> INSTRUCTIONS TO FOLLOW
Please give every record below again exactly, and keep the pictures out.

• • • • •

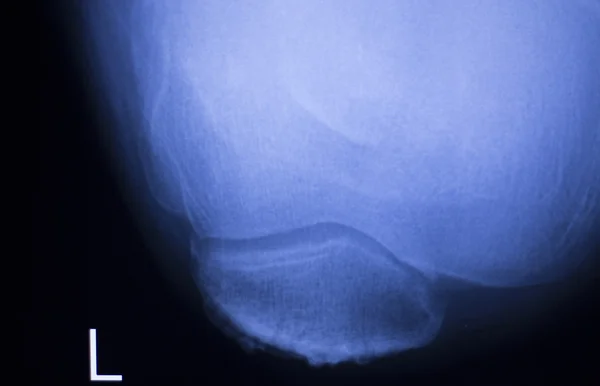 Knee and meniscus injury xray scan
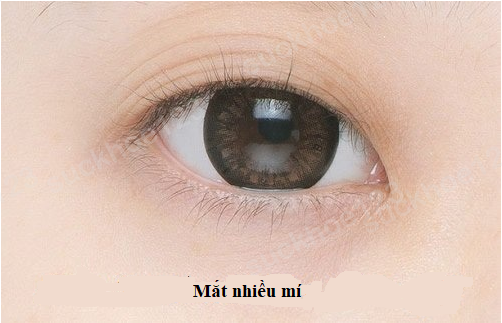 Mắt nhiều mí (3 mí): nguyên nhân và cách chỉnh sửa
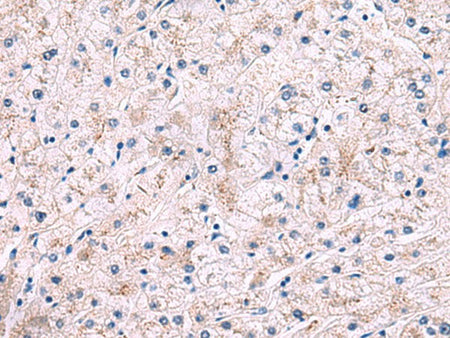 IP6K2 Polyclonal Antibody Reactivity Rat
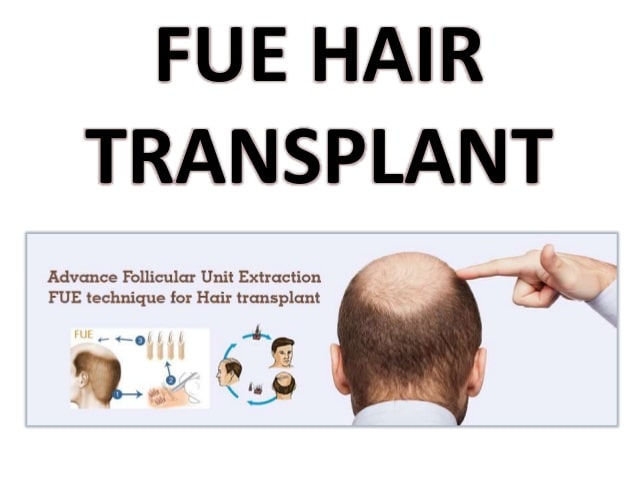 Hair transplant Malaysia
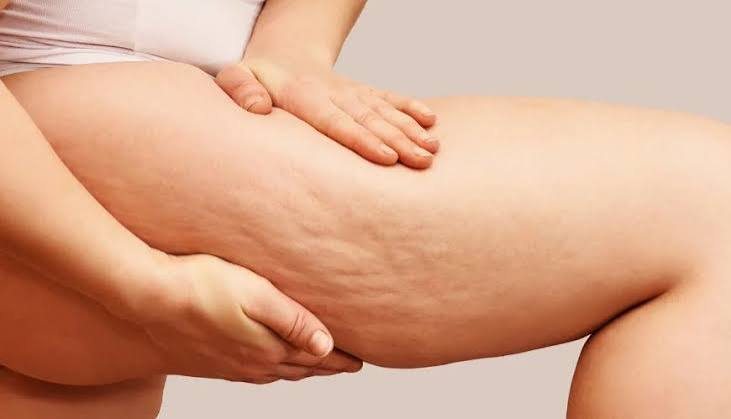 Illustration : lipœdème des jambes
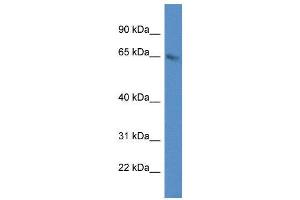 WB Suggested Anti-METTL3 AntibodyTitration: 1.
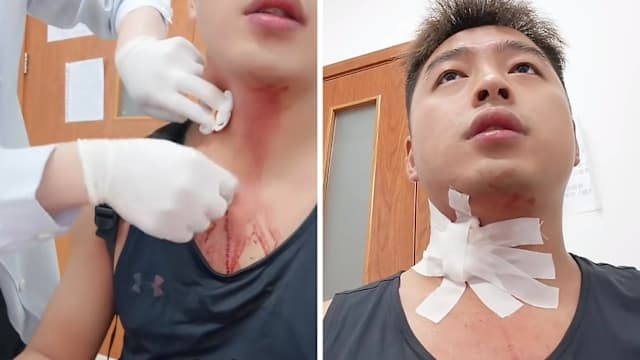 Người đàn ông suýt chết vì cú đập muỗi làm vỡ mạch máu ở cổ - Ảnh 3. Người đàn ông suýt chết vì cú đập muỗi làm vỡ mạch máu ở cổ - Ảnh 3.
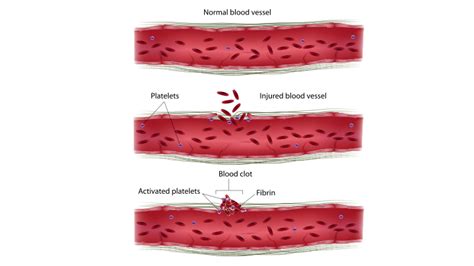 Factor IV (Calcium) Coagulation Blood Test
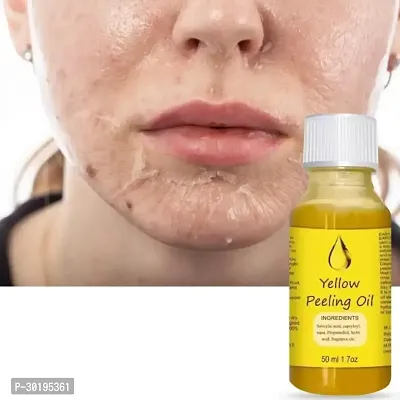 Whitening Yellow Peeling Oil Extra Strength for Body 50 Ml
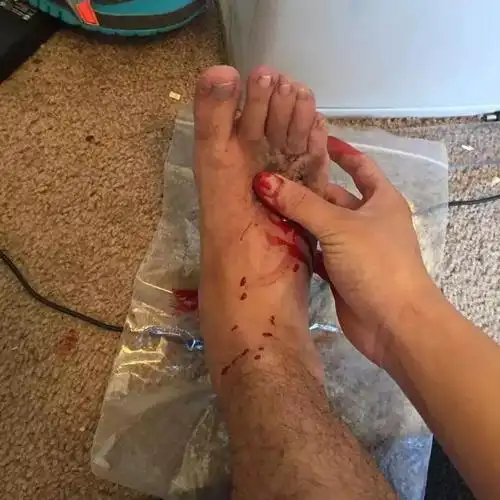 励志留学生因意外被截肢失去小腿但却活出硬核人生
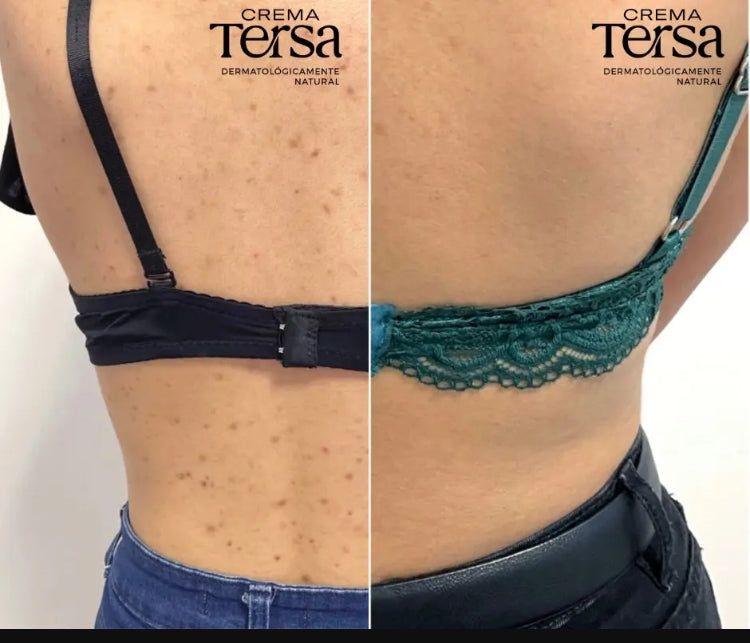 Crema Tersa Rejuvenecedora, Despicmentante, Quita paño, Acne, Imperfecciones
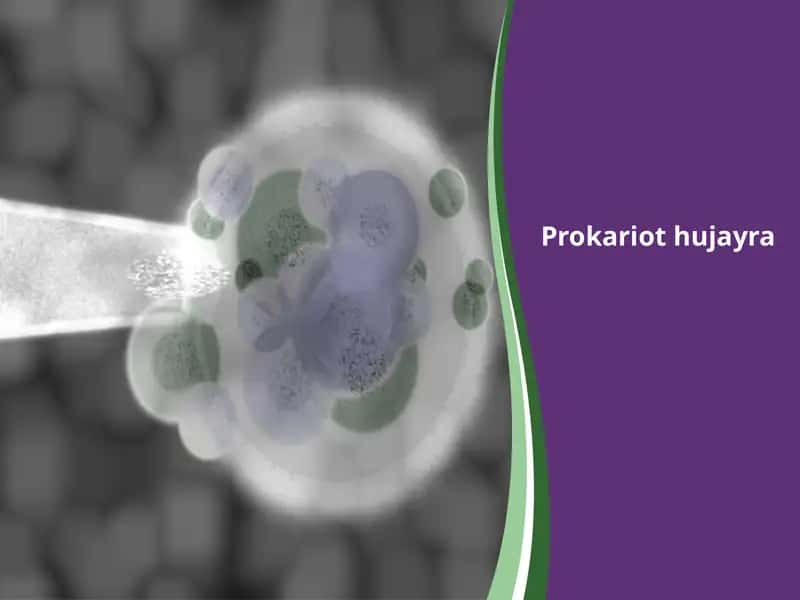 Prokariot hujayra 1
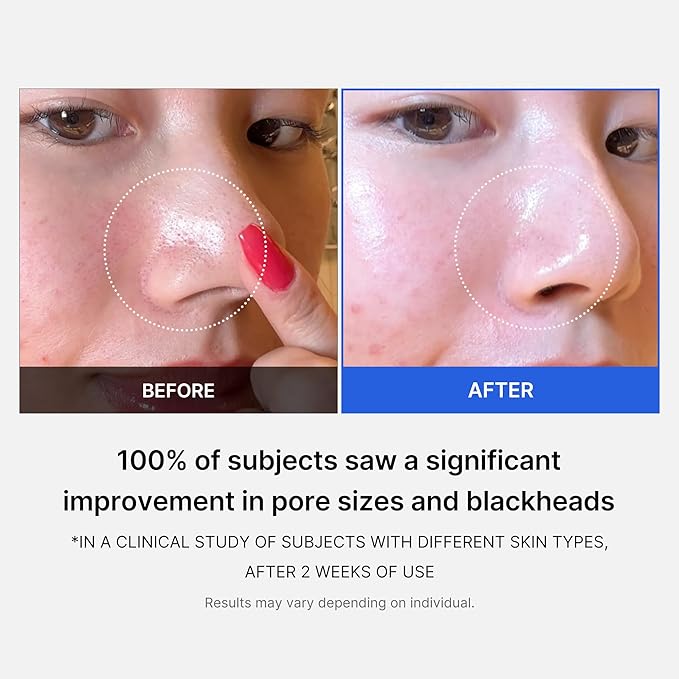 Medicube Zero Pore Pads 2.0, Dual-Textured Facial Toner Pads for Exfoliation and Pore Care with 4.5% AHA Lactic Acid & 0.45% BHA Salicylic Acid, Ideal for All Skin Types, Korean Skin Care (70 Pads)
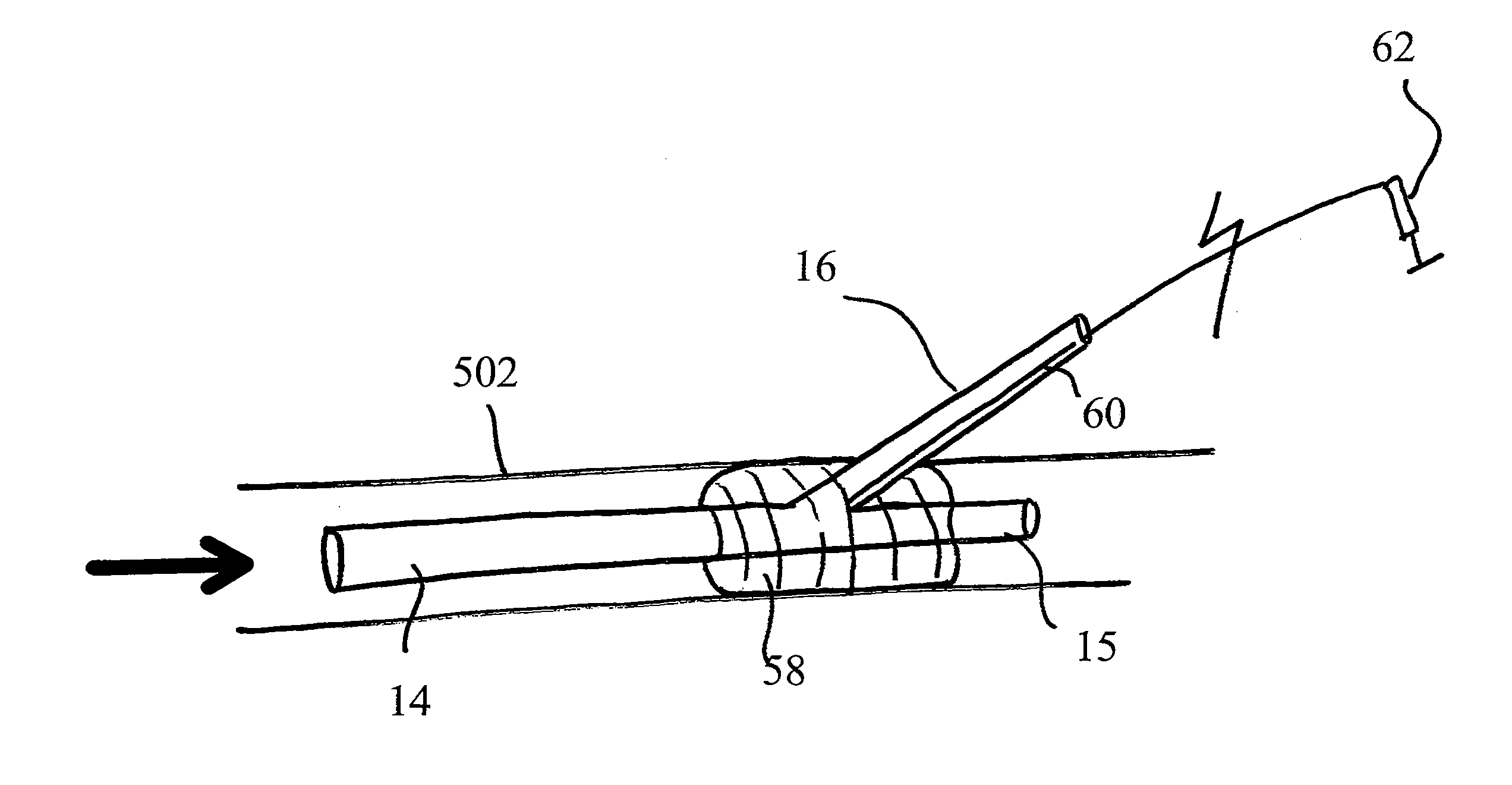 Autoretroperfusion devices and systems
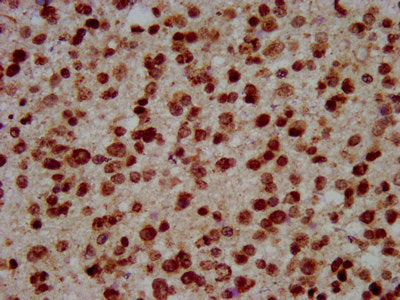 Immunofluorescence staining of Hela cells with CAC15347 at 1:1, counter-stained with DAPI. The cells were fixed in 4% formaldehyde, permeabilized using 0.2% Triton X-100 and blocked in 10% normal Goat Serum. The cells were then incubated with the antibody overnight at 4°C. The secondary antibody was Alexa Fluor 488-congugated AffiniPure Goat Anti-Rabbit IgG(H+L).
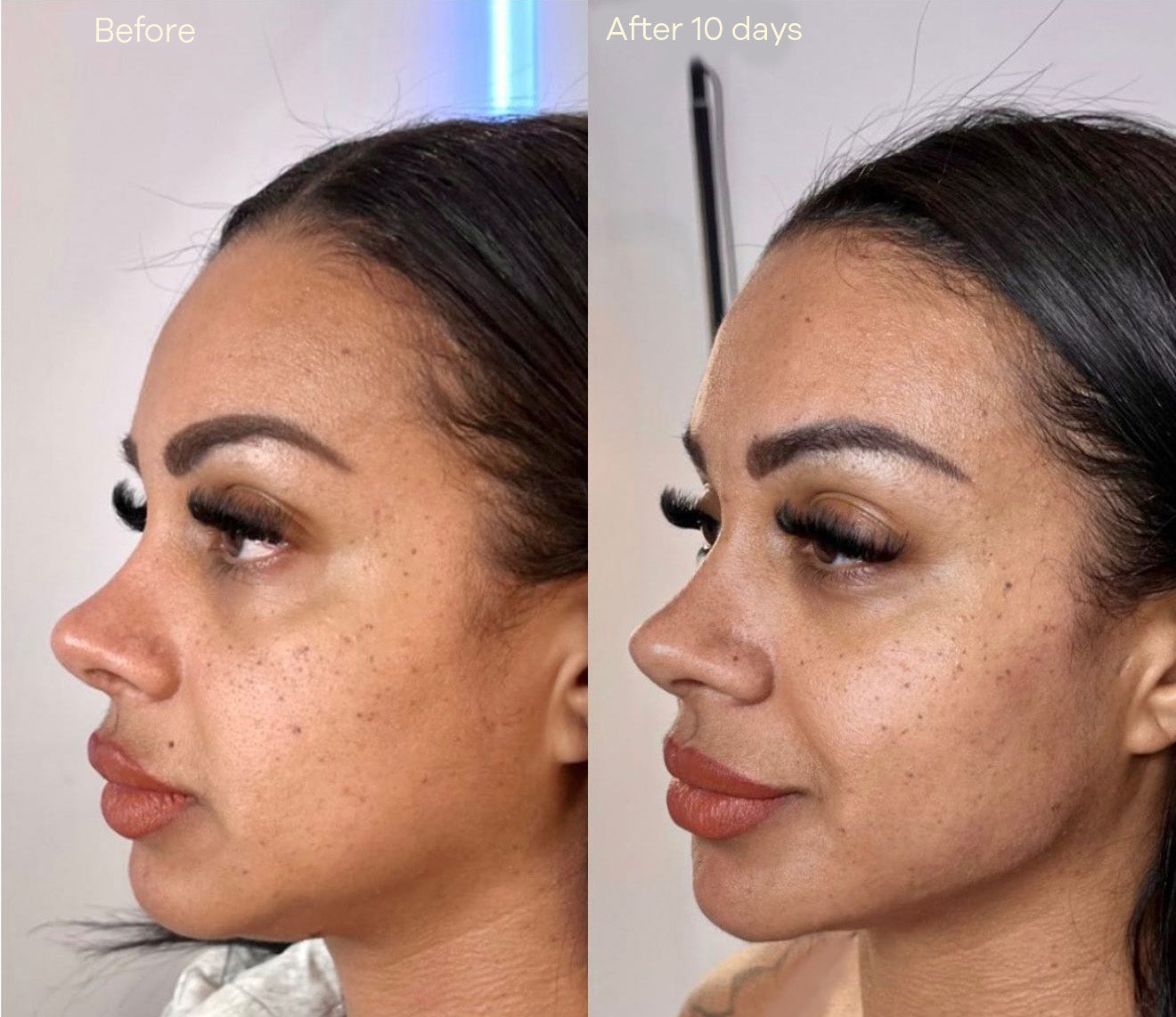 Lifty - Advanced Skin Lifting
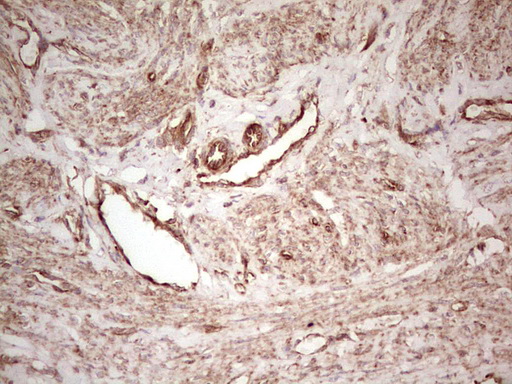 IHC of paraffin-embedded Adenocarcinoma of Human endometrium tissue using anti-WIBG mouse monoclonal antibody. (Heat-induced epitope retrieval by 1 mM EDTA in 10mM Tris, pH8.5, 120°C for 3min).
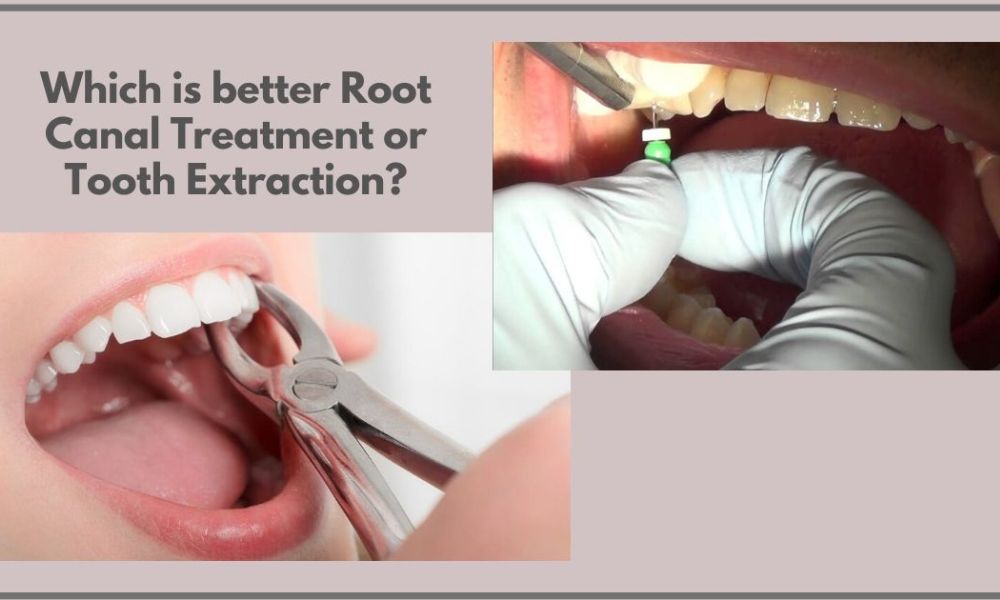Tooth extraction and RCT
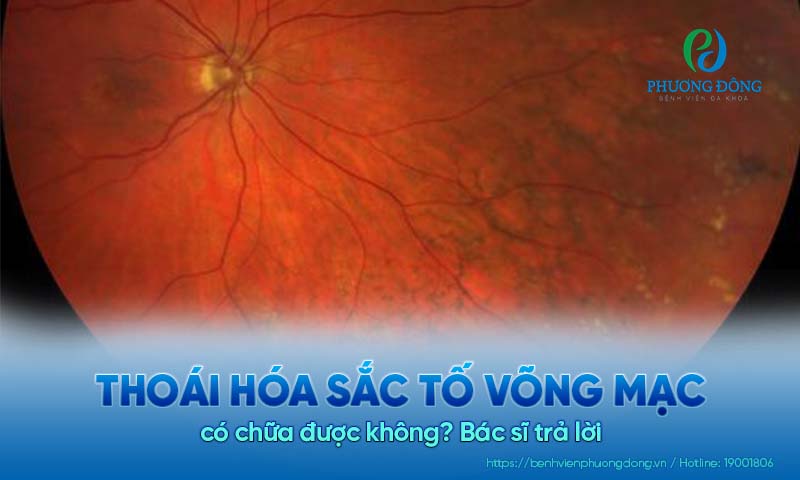 Thoái hóa sắc tố võng mạc có chữa được không? Bác sĩ trả lời 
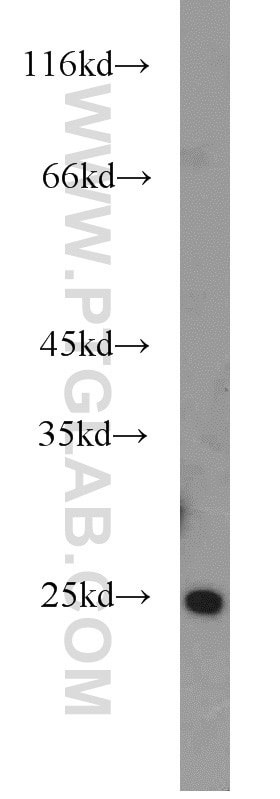 Western Blot (WB) analysis of human testis tissue using ALKBH7 Polyclonal antibody (15470-1-AP)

• • • • •

> SOLUTION TO THE PROBLEM
 Knee and meniscus injury xray scan
 Mắt nhiều mí (3 mí): nguyên nhân và cách chỉnh sửa
 IP6K2 Polyclonal Antibody Reactivity Rat
 Hair transplant Malaysia
 Illustration : lipœdème des jambes
 WB Suggested Anti-METTL3 AntibodyTitration: 1.
 Người đàn ông suýt chết vì cú đập muỗi làm vỡ mạch máu ở cổ - Ảnh 3. Người đàn ông suýt chết vì cú đập muỗi làm vỡ mạch máu ở cổ - Ảnh 3.
 Factor IV (Calcium) Coagulation Blood Test
 Whitening Yellow Peeling Oil Extra Strength for Body 50 Ml
 励志留学生因意外被截肢失去小腿但却活出硬核人生
 Crema Tersa Rejuvenecedora, Despicmentante, Quita paño, Acne, Imperfecciones
 Prokariot hujayra 1
 Medicube Zero Pore Pads 2.0, Dual-Textured Facial Toner Pads for Exfoliation and Pore Care with 4.5% AHA Lactic Acid & 0.45% BHA Salicylic Acid, Ideal for All Skin Types, Korean Skin Care (70 Pads)
 Autoretroperfusion devices and systems
 Immunofluorescence staining of Hela cells with CAC15347 at 1:1, counter-stained with DAPI. The cells were fixed in 4% formaldehyde, permeabilized using 0.2% Triton X-100 and blocked in 10% normal Goat Serum. The cells were then incubated with the antibody overnight at 4°C. The secondary antibody was Alexa Fluor 488-congugated AffiniPure Goat Anti-Rabbit IgG(H+L).
 Lifty - Advanced Skin Lifting
 IHC of paraffin-embedded Adenocarcinoma of Human endometrium tissue using anti-WIBG mouse monoclonal antibody. (Heat-induced epitope retrieval by 1 mM EDTA in 10mM Tris, pH8.5, 120°C for 3min).
Tooth extraction and RCT
 Thoái hóa sắc tố võng mạc có chữa được không? Bác sĩ trả lời 
 Western Blot (WB) analysis of human testis tissue using ALKBH7 Polyclonal antibody (15470-1-AP)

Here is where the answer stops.